Martin Luther King set an excellent example. He led marches, he engaged in civil disobedience, and he demonstrated that the Civil Rights movement had broad-based support and moral authority. Then he met with elected officials and even the President himself. Following the example of biblical prophets, and Queen Esther, he spoke truth to power and pressured Johnson to pass the Civil Rights Act and other bills that helped end racial discrimination. These efforts enfranchised blacks, increased their economic opportunities and ultimately culminated in the election of our first black president eight years ago.

The election of Trump threatens to undo much of the work that Martin Luther King and other progressives have accomplished during the 20th century. Quakers are positioned and equipped to play a significant role in making sure this doesn't happen. It is up to us to seize the kairos moment and use our God-given gifts to help save our nation and our planet. Who can say but that God brought our Quaker movement to America for a time such as this?


  1. Are you Orthodox Quaker? I'm from Brazil and I'm a Gurneyite Quaker.

  2. I'm pretty unorthodox, actually. I'm an unprogrammed Friend from California, but my wife is Evangelical and I love the Bible. Do you live in Brazil currently?

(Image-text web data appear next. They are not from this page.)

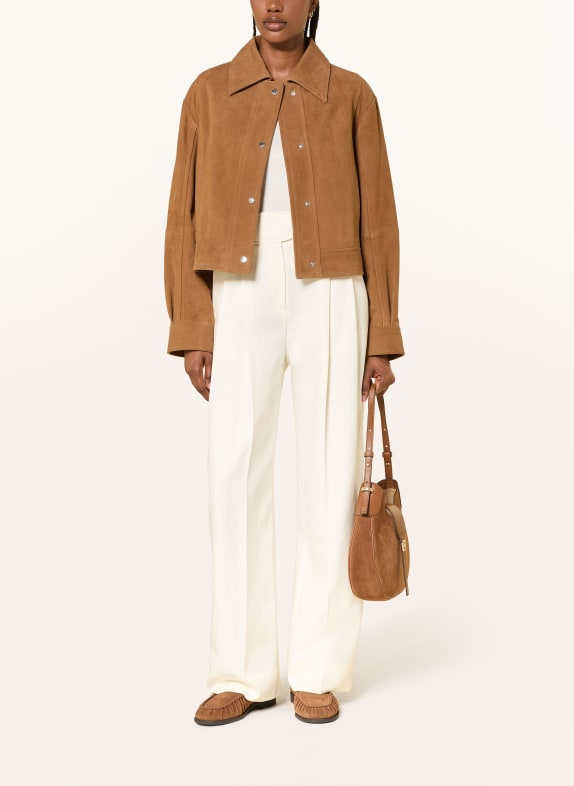 BOSS Blouson en cuir SALISA COGNAC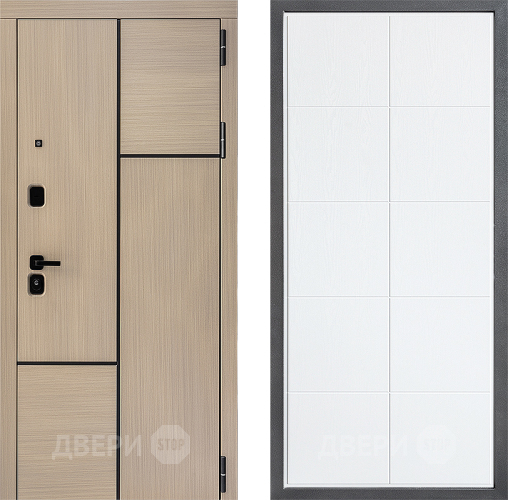 Входная металлическая Дверь Дверной континент ДК-14 ФЛ-Кватро Белое дерево в Электроуглях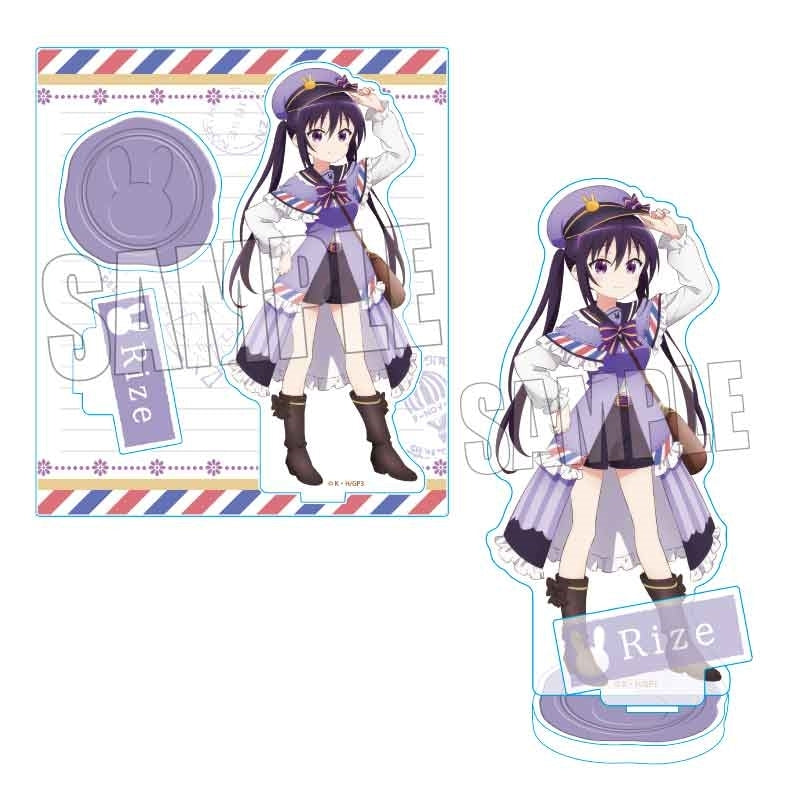 (Goods - Acrylic Stand) Is the Order a Rabbit? BLOOM Acrylic Stand Rize Mailman ver.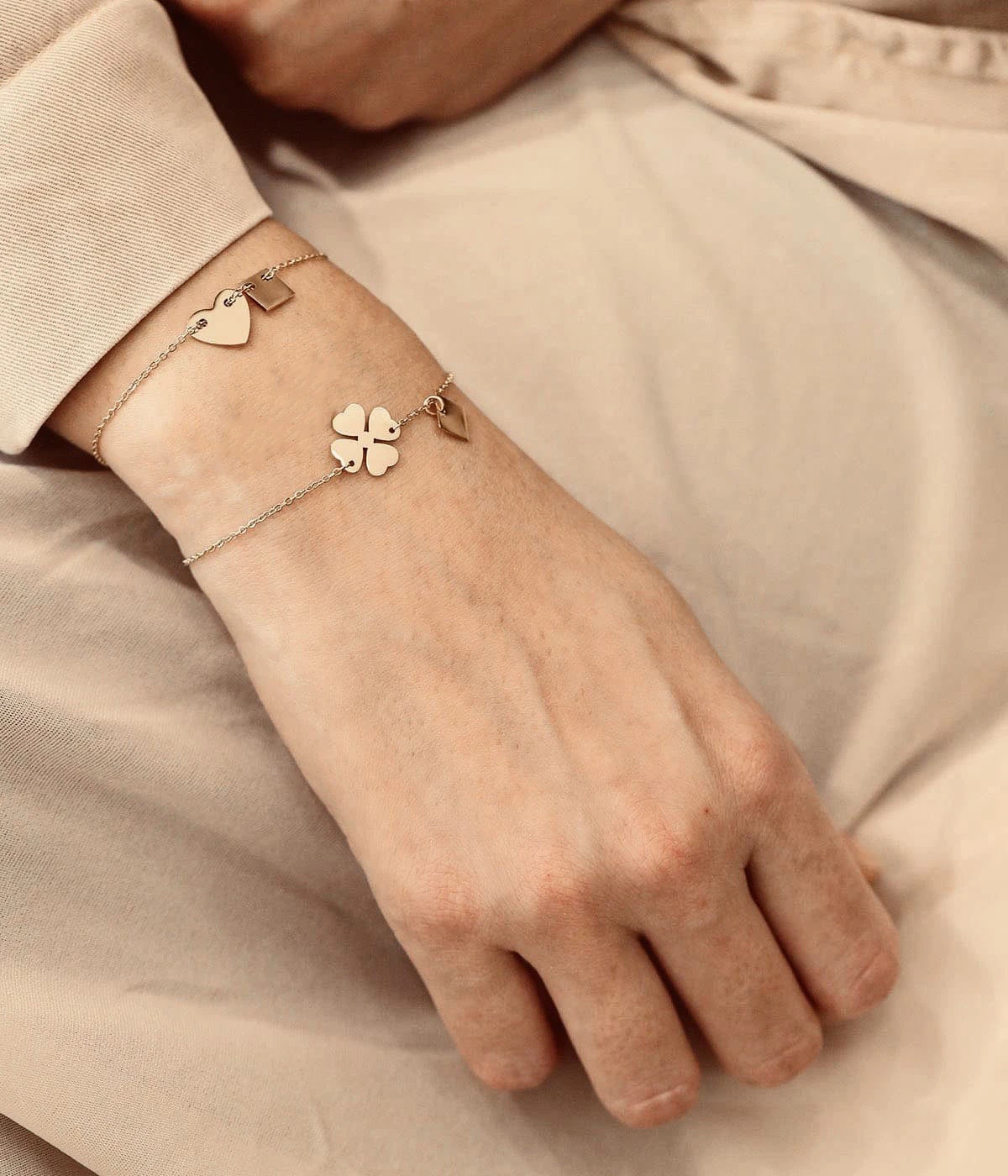 Bracelet Lucky Heart (Acier DorĂ©) â Image 2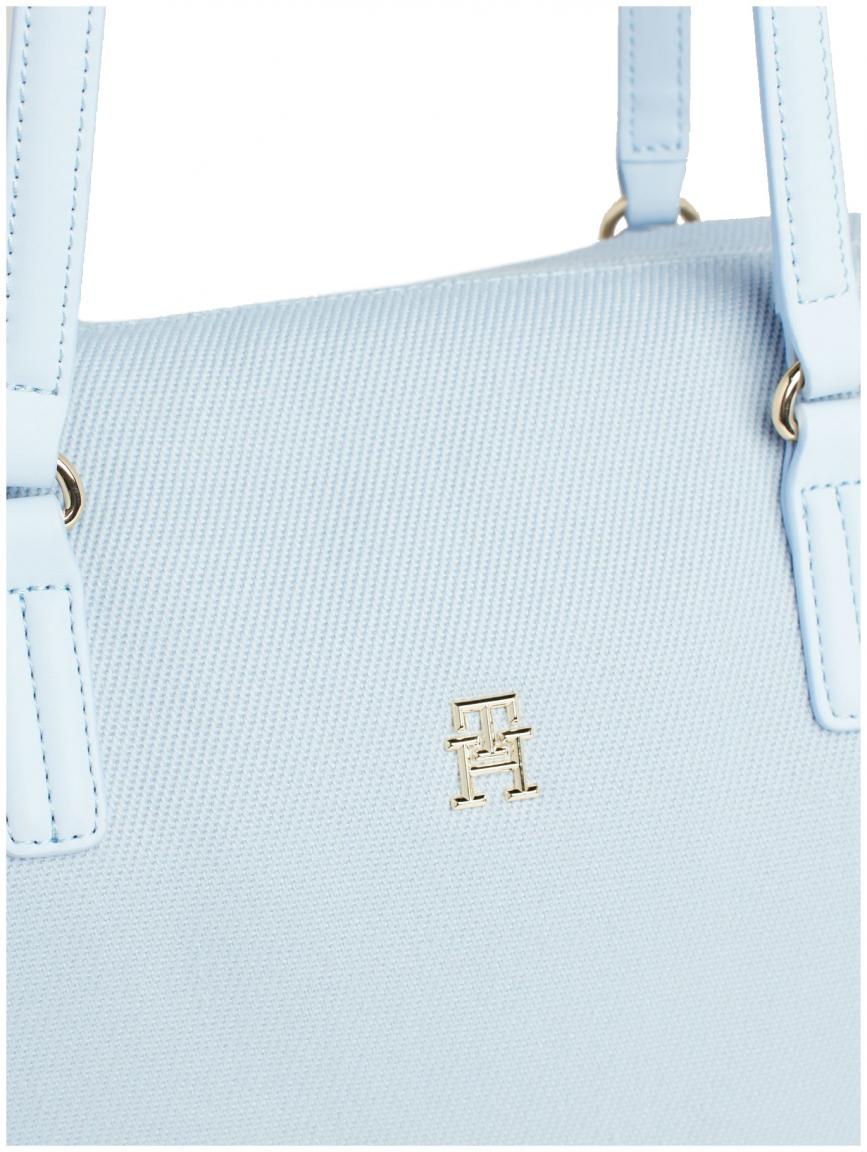 Canvas Tommy Hilfiger großer Shopper Poppy hellblau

  3. It does seem to be true, "that our country is in a "kairos" moment..."

    However, I don't think the central danger are the people in the opposition (who seem to be part of the "Ocean of Darkness")
    our own responses:-( and our own fragmentation, lack of spiritual unity (not uniformity), etc.

    It was extremely disconcerting to see the obscene, the hateful, the superstitious, the demeaning, etc. exalted at the March:-(

    I realize that such a huge event won't be a combined witness of the "Lamb's War." There were far too many cases of obscenities, dehumanizing, demeaning by speakers:-(

    Instead, it behooves us as Friends
    to emphasize reconciliation, love of political, religious, and social "enemies" as did Martin Luther King, even toward the KKK and even individuals who attacked him!

  4. Daniel, I agree with you that some of the signs were obscene and angry, but given what Trump has done, these feelings are understandable. Fortunately, there was no violence, and no arrests. I commend the women for setting a good example in that regard. I fear we will see a lot of violence in the upcoming years of the Trump regime, as just happened in Berkeley. The Republicans are consolidating power in such a way that dissenting views are being utterly discounted. This will lead to an increasingly violent response from those who feel unheard. I agree that Friends need to be a voice of reason, compassion and reconciliation.

  5. Anthony, Thanks for responding.

    While there was no overt violence, when one of the speakers of the rally keeps shouting "Obscenity you! Obscenity you!.." etc. and others in the March expressed ideological hostility, Martin Luther King's counter view needs emphasis:
    Nonviolence means avoiding not only extermal physical violence, but also internal violence of spirit.
    You not only refuse to shoot a man, but you refuse to hate him."

    Hopefully, NWYM and NCYM, etc. can get past their own internal divisive breakups, and focus instead on "reason, compassion, and reconciliation" as you said.

  6. I'll be frank: I don't think "tone policing" the Women's March is the way to move forward on opposing this regime.

    I think Friends need to be more in tune with the tradition of "speaking Truth to power". At this point, I believe our concern for the people the regime has already harmed, and the direction it is taking in the future, should be the focus of our statements and actions. It is not, I believe, the moment for critiquing other protests for not adhering to absolute perfection in the way they express themselves.